RECORDS SHOWN:
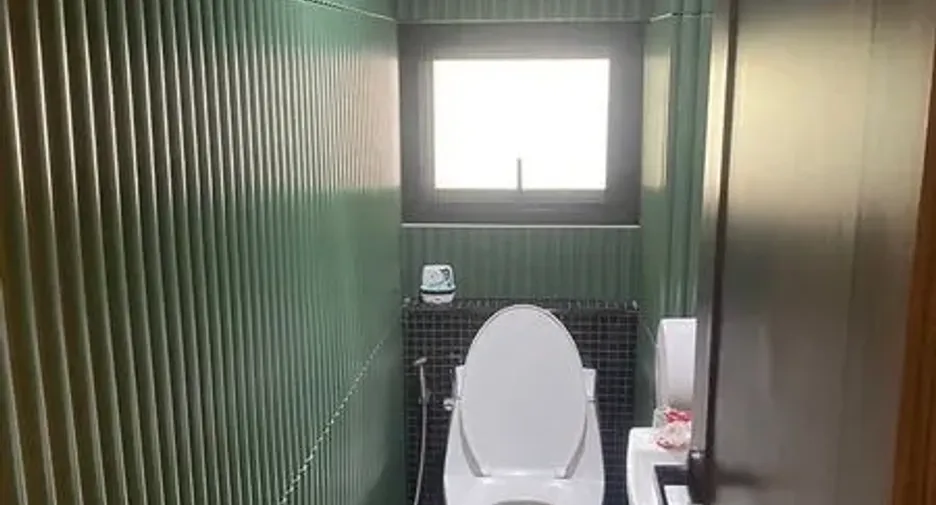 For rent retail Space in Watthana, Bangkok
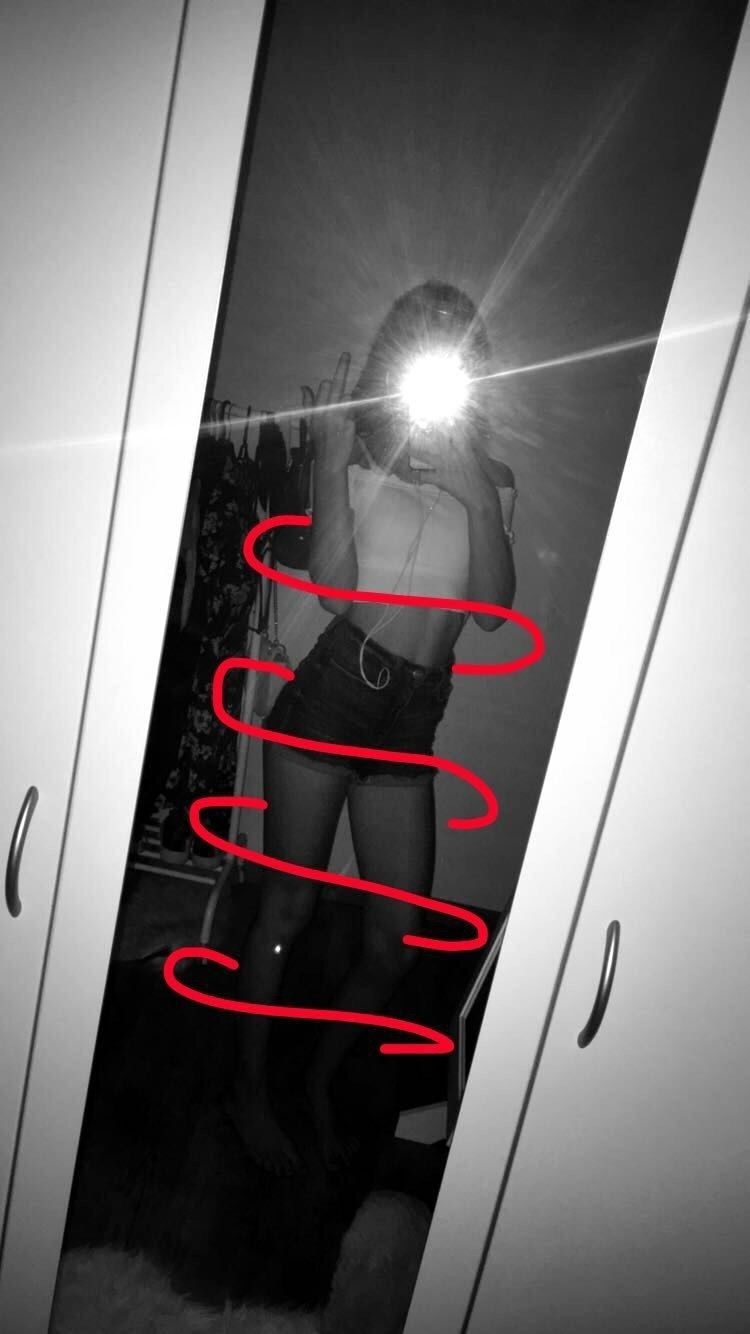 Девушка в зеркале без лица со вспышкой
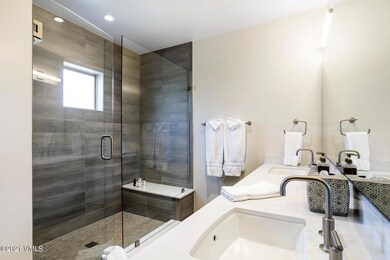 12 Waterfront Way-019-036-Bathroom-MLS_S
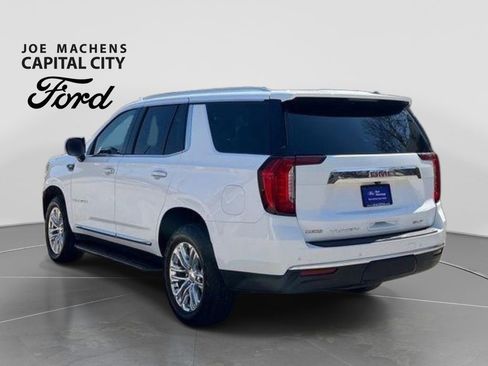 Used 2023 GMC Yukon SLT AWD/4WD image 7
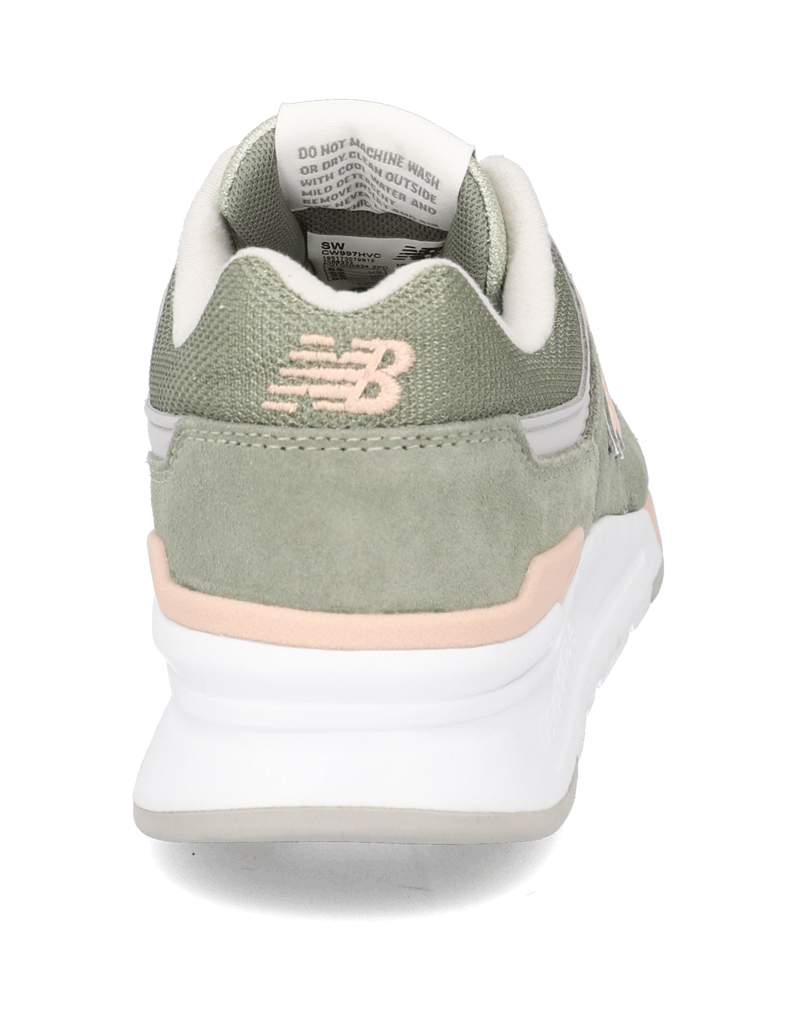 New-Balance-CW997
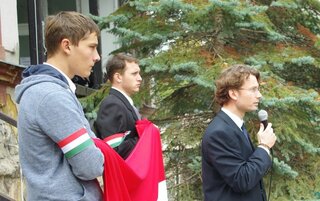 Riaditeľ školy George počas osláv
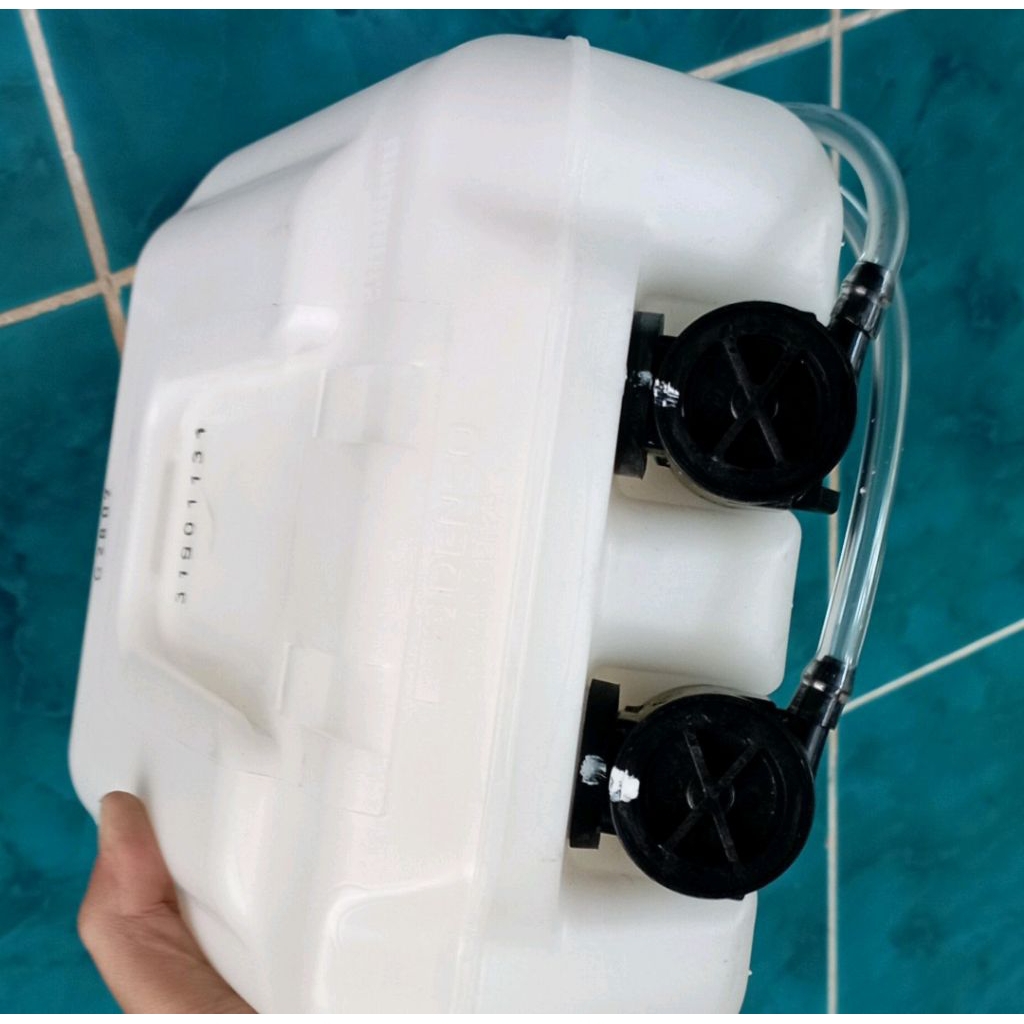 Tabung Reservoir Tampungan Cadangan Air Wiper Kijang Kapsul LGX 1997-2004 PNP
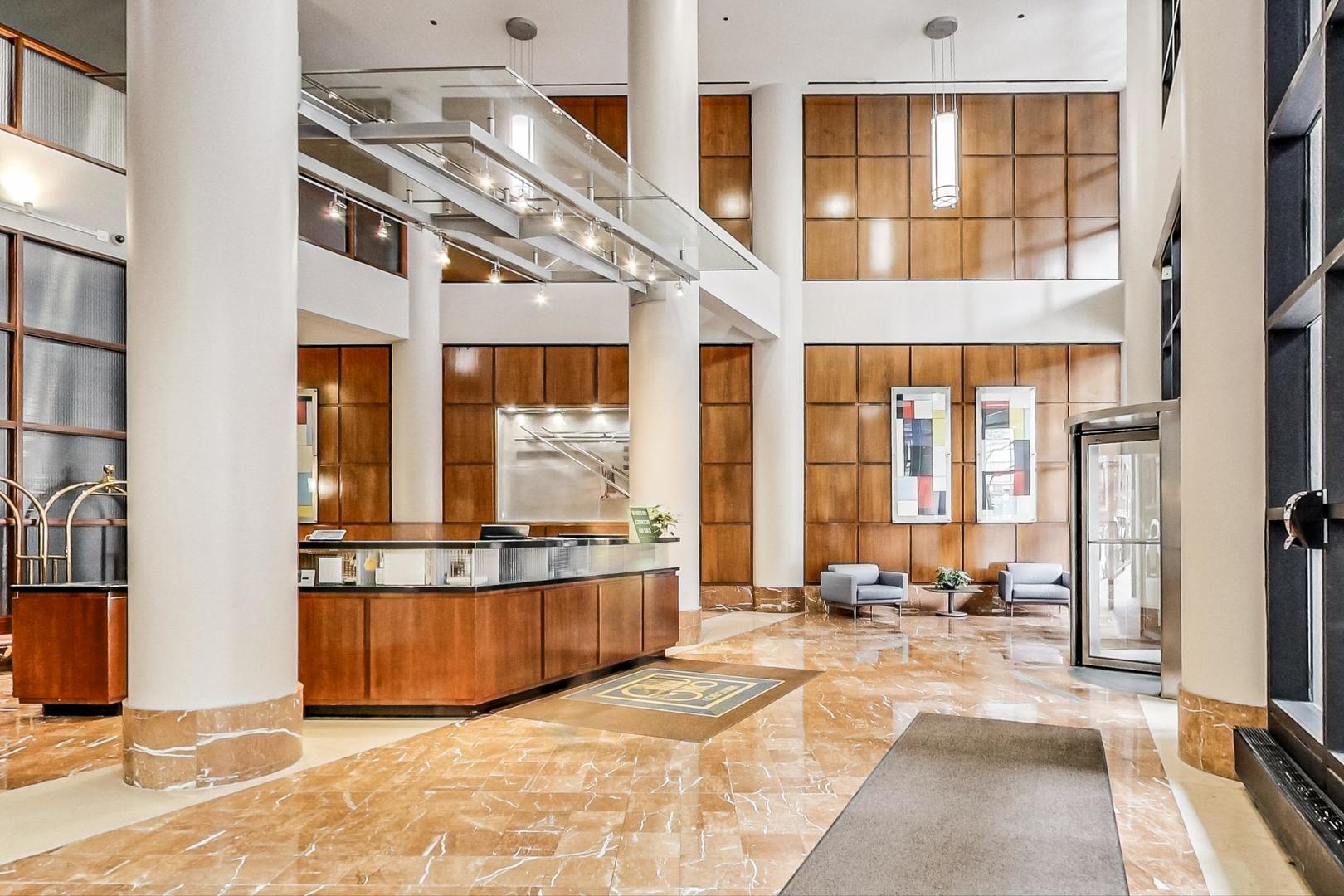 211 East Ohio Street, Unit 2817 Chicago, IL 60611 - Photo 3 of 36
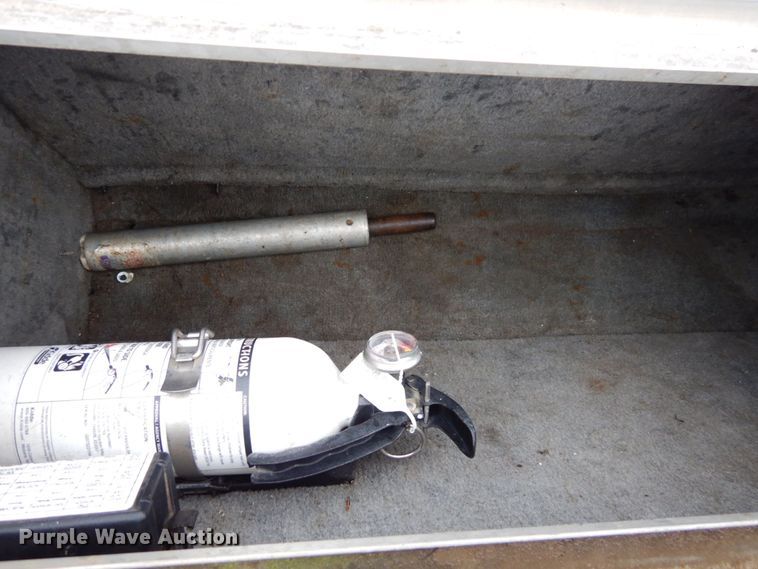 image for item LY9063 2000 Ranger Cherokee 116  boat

THE TASK: Only the lines from the line with "Used 2023 GMC Yukon SLT AWD/4WD image 7" through the end of the records belong in your copy. Repeat them exactly, without pictures.

SOLVED EXERCISE:
 Used 2023 GMC Yukon SLT AWD/4WD image 7
 New-Balance-CW997
 Riaditeľ školy George počas osláv
 Tabung Reservoir Tampungan Cadangan Air Wiper Kijang Kapsul LGX 1997-2004 PNP
 211 East Ohio Street, Unit 2817 Chicago, IL 60611 - Photo 3 of 36
 image for item LY9063 2000 Ranger Cherokee 116  boat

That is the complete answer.